As planned when it announced Q4 results last week, Clear Channel Communications has amended the terms of its senior credit facilities to allow it greater flexibility.
Here is Wednesday’s (2/16) announcement:
“Clear Channel Communications, Inc. (“CCU”) announced today that it has entered into agreements to amend its senior secured credit facilities and its receivables based credit facility (the “Amendments”) that will, among other things, permit CCU to request future extensions of the maturities of its senior secured credit facilities, provide CCU with greater flexibility in the use of its accordion provisions, provide CCU with greater flexibility to incur new debt, provided that such new debt is used to pay down senior secured credit facility indebtedness, and provide greater flexibility for CCU’s indirect subsidiary, Clear Channel Outdoor Holdings, Inc., and its subsidiaries to incur new debt (provided the incurrence of that new debt is otherwise permitted to be incurred by such subsidiaries).

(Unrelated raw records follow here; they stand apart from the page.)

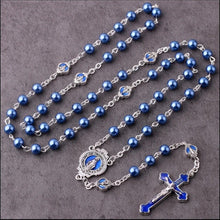 Catholic Virgin Mary Chain Rosary 6mm Blue Glass Pearl Beads Rosario Women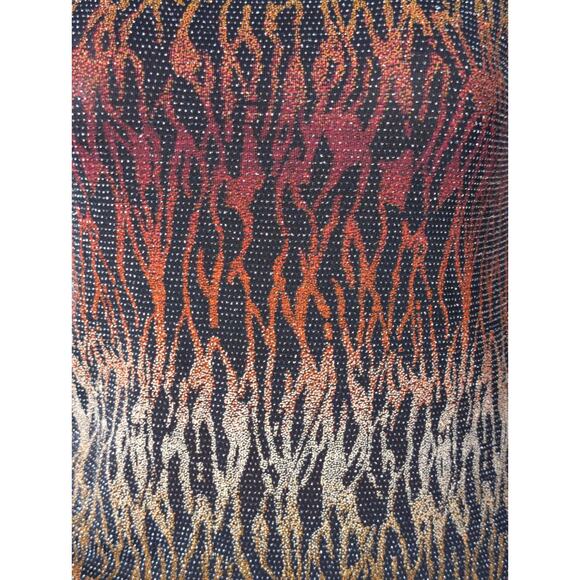 Vintage Y2K Metallic Ombré Shimmer Tank Top Women Large Whimsigoth Club Stretch - Picture 3 of 6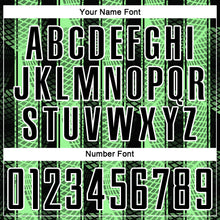 Load image into Gallery viewer, Custom Black Pea Green-White Abstract Network Sublimation Soccer Uniform Jersey

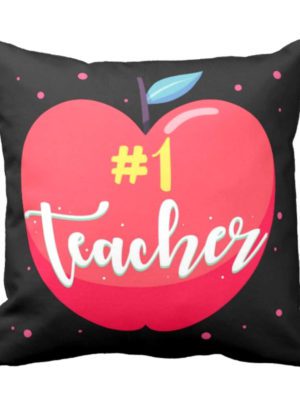 TheYaYaCafe Teachers Day Gifts Apple No. 1 Teacher Printed Cushion Cover (12 inch X 12 inch)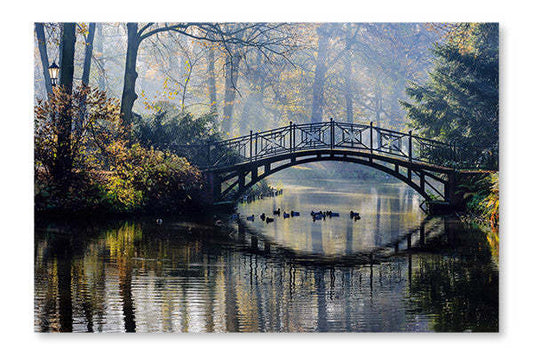 Cadre mural et panneau de tissu Autumn Old Bridge 16x24 | Autumn Old Bridge 16 po x 24 po : Cadre d'art mural et panneau de tissu | D44G25KF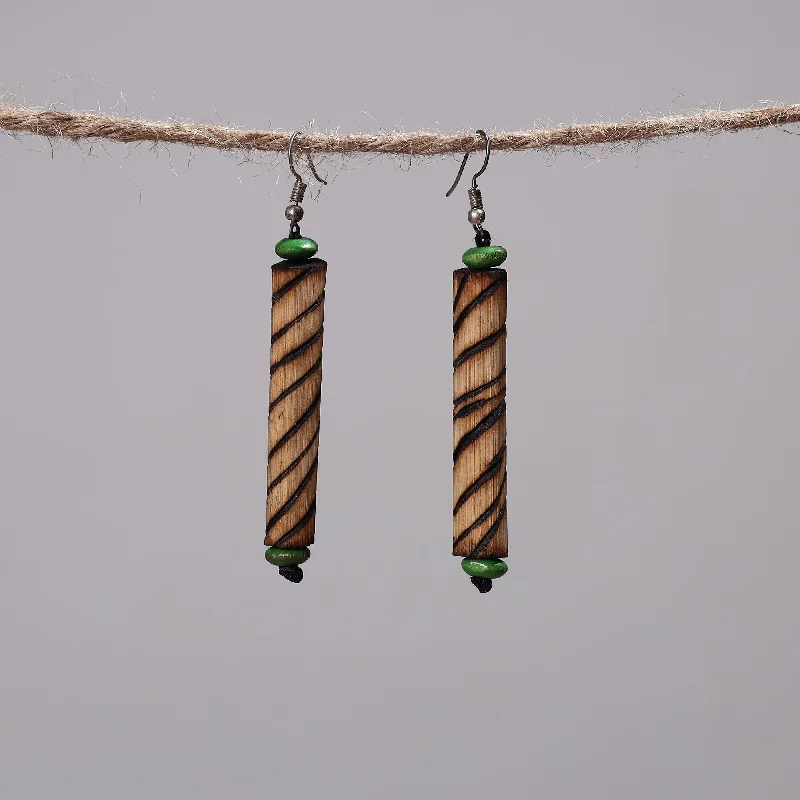 Hand Carved Bamboo Wooden Earrings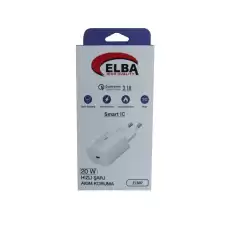 Elba Elb02-20Wpd Beyaz 20W Usb-C Şarj Kafa Pd 3.0-Qc4.0(Akıllı Koruma-Hızlı Şarj-Isıya Dayanıklı)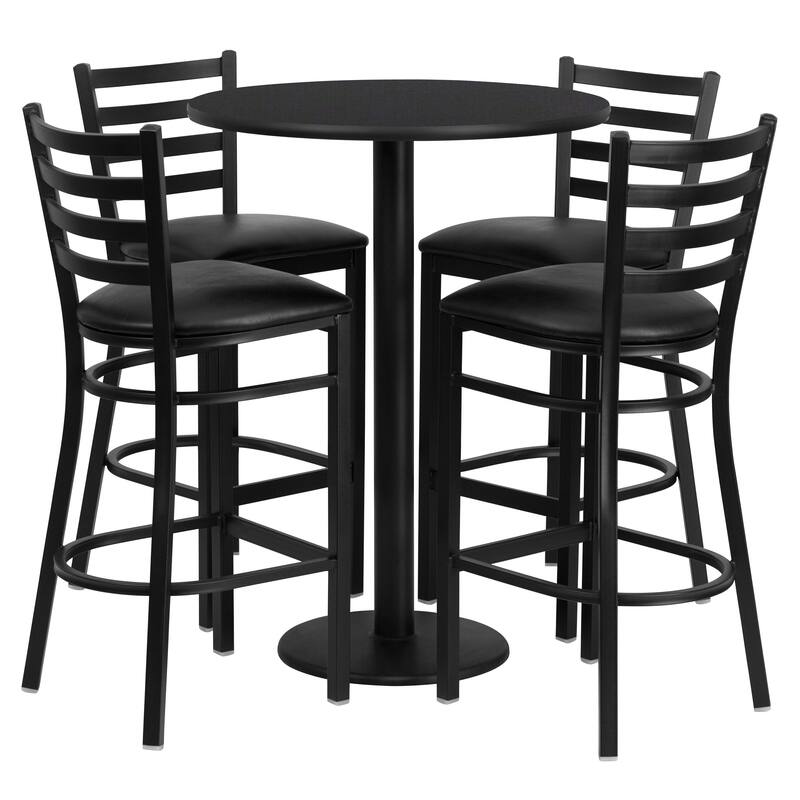 30'' Round Laminate Table Set with Round Base and 4 Ladder Back Metal Barstools - black top/black vinyl seat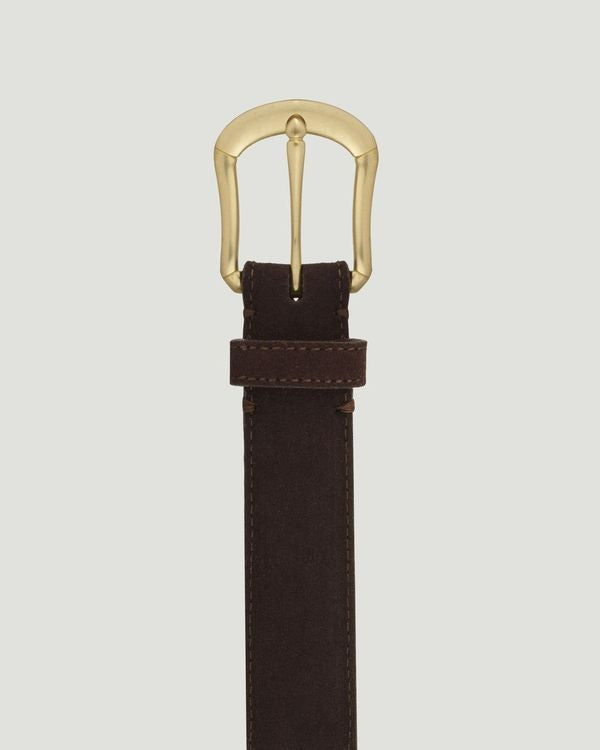 Belt Suede Brass Skeleton Dark Brown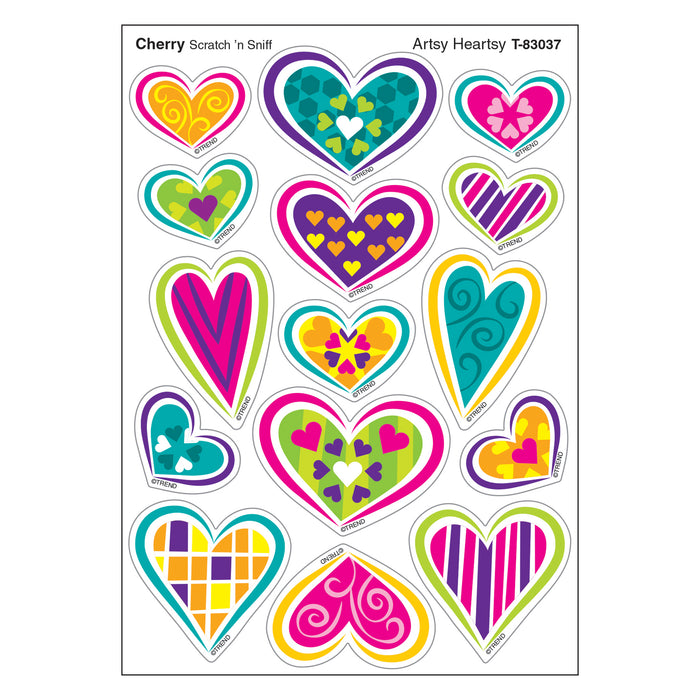 Artsy Heartsy-Cherry Mixed Shapes Stinky Stickers®, 60 Per Pack, 6 Packs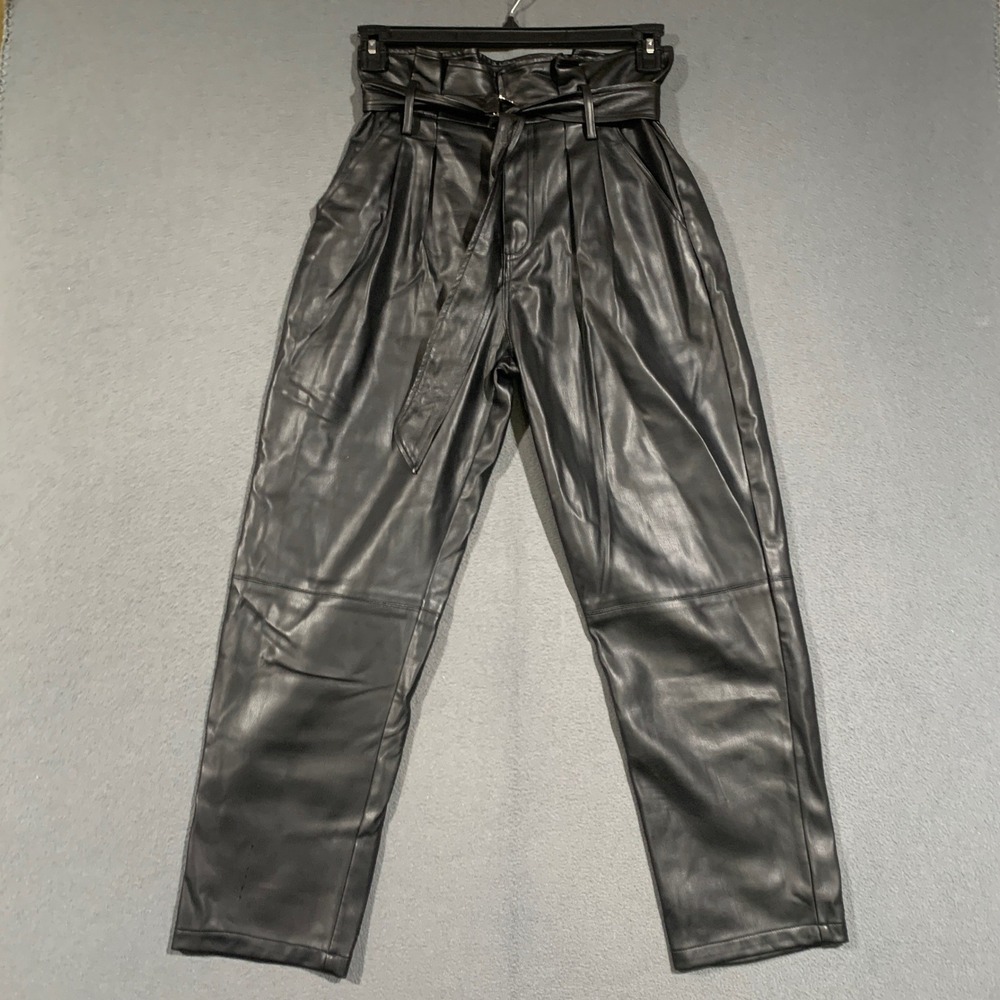 Elam Faux Leather Paperbag Pants Women L Black High Waist Belted Tapered Edgy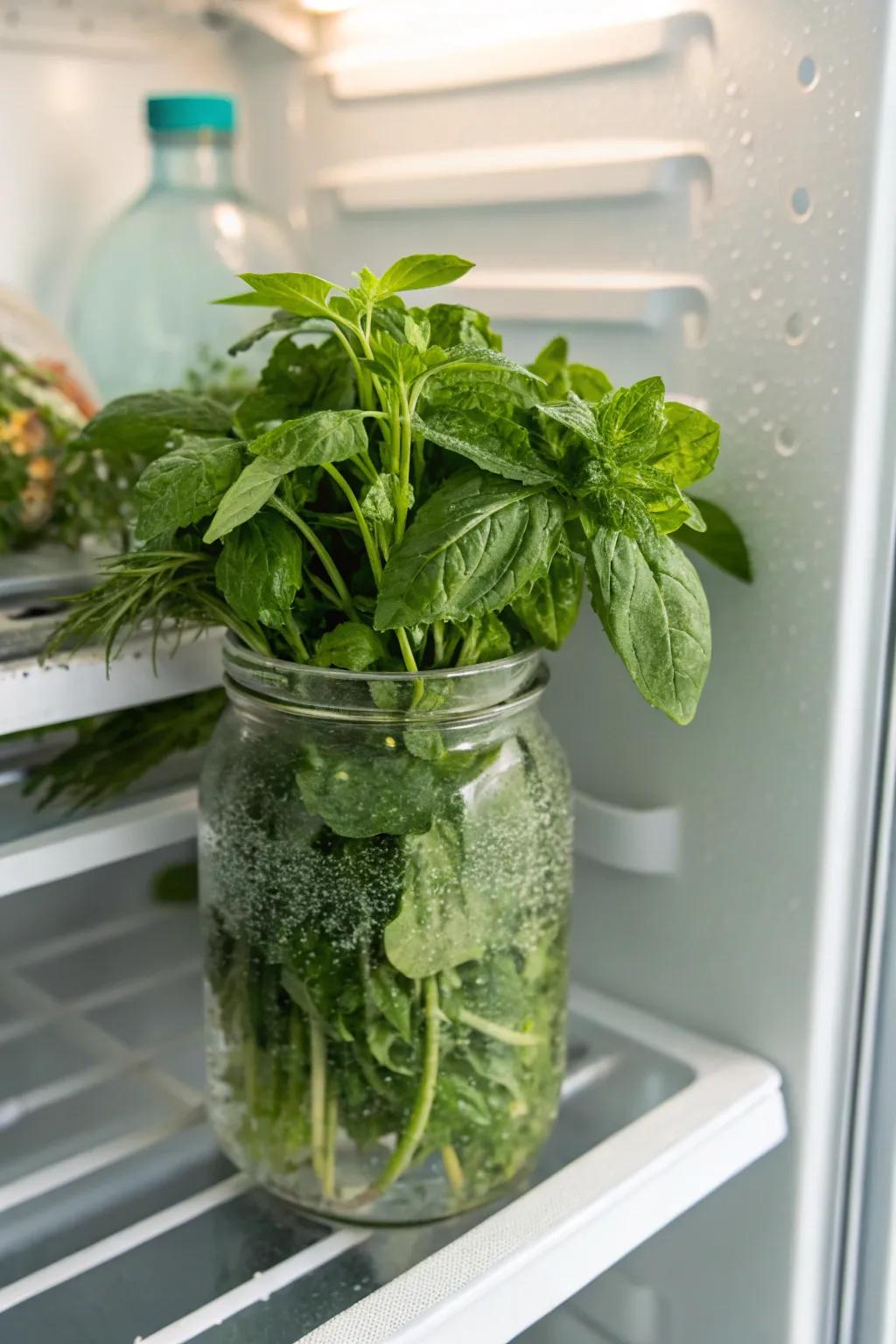 Fresh herbs stored in a jar of water for extended freshness.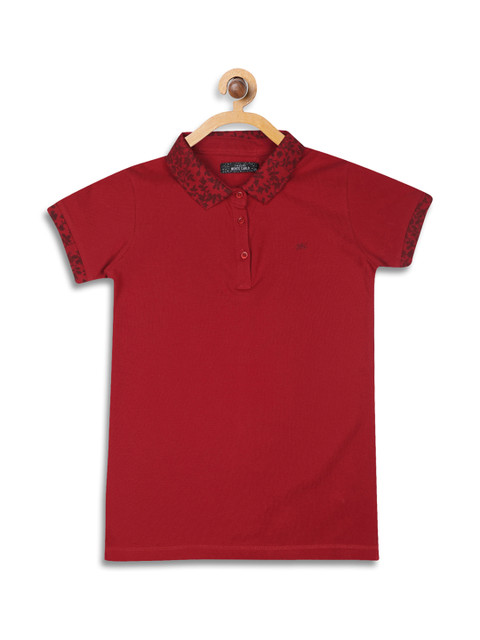 

Monte Carlo Girls Maroon Solid Polo Collar T-shirt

The Amendments have been fully executed by CCU and the holders of a majority of the outstanding commitments under each of the facilities. The Amendments will become fully effective upon (in addition to other customary closing conditions) the payment of amendment fees, the reduction of revolving credit commitments under CCU’s receivables based credit facility and the prepayment of $500 million of indebtedness under CCU’s senior secured credit facilities, which CCU is financing through the issuance of new priority guarantee notes in a concurrent private placement that priced on February 15, 2011 and is expected to close on February 23, 2011.”